- _EXERCISE_:
In the records below, find the line containing "ZR-V 2.0 i-VTEC GASOLINA TOURING CVT" and the line containing "EBC CK7001 Clutch"; please repeat exactly the lines from one to the other, both included, and nothing more.

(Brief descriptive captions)
◆ ◆ ◆ ◆ ◆

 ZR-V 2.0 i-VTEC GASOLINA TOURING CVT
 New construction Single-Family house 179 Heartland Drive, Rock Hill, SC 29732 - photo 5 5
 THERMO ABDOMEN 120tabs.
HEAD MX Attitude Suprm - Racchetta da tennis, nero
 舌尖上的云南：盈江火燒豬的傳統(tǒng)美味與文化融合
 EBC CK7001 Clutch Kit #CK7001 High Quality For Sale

◆ ◆ ◆ ◆ ◆

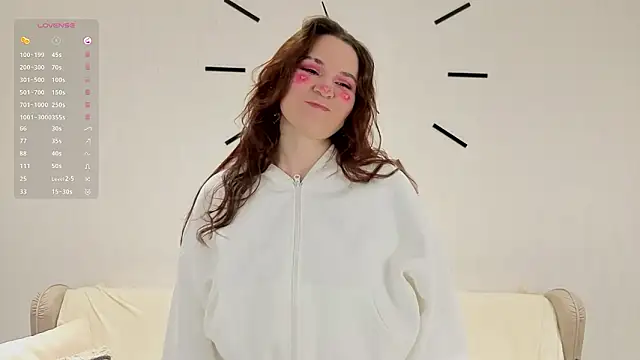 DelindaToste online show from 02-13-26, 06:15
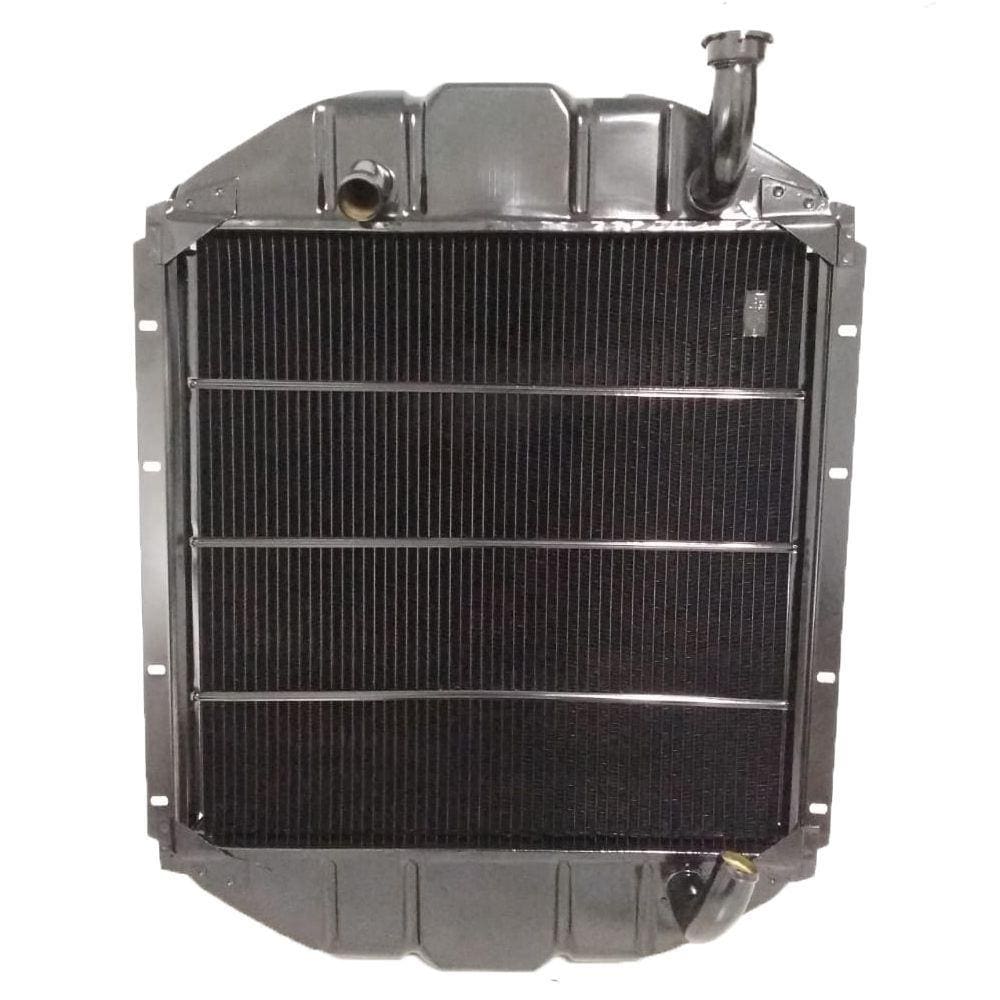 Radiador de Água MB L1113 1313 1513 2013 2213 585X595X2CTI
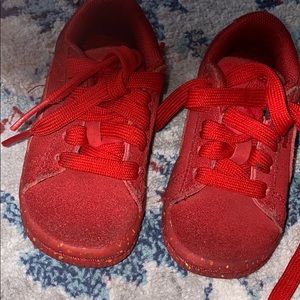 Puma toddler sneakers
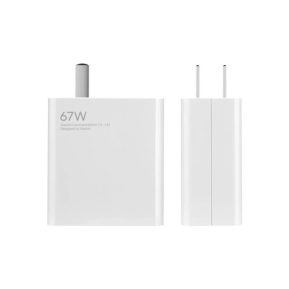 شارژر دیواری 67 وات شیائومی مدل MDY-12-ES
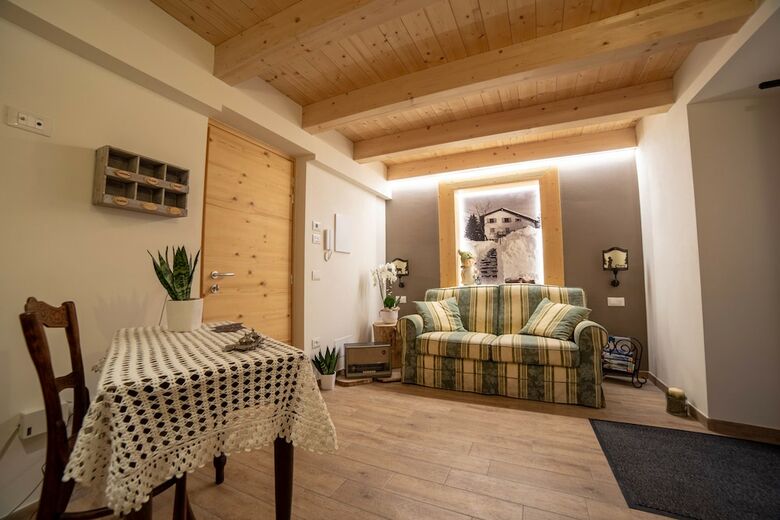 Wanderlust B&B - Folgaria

◆ ◆ ◆ ◆ ◆

- _EXERCISE SOLUTION_:
 ZR-V 2.0 i-VTEC GASOLINA TOURING CVT
 New construction Single-Family house 179 Heartland Drive, Rock Hill, SC 29732 - photo 5 5
 THERMO ABDOMEN 120tabs.
HEAD MX Attitude Suprm - Racchetta da tennis, nero
 舌尖上的云南：盈江火燒豬的傳統(tǒng)美味與文化融合
 EBC CK7001 Clutch Kit #CK7001 High Quality For Sale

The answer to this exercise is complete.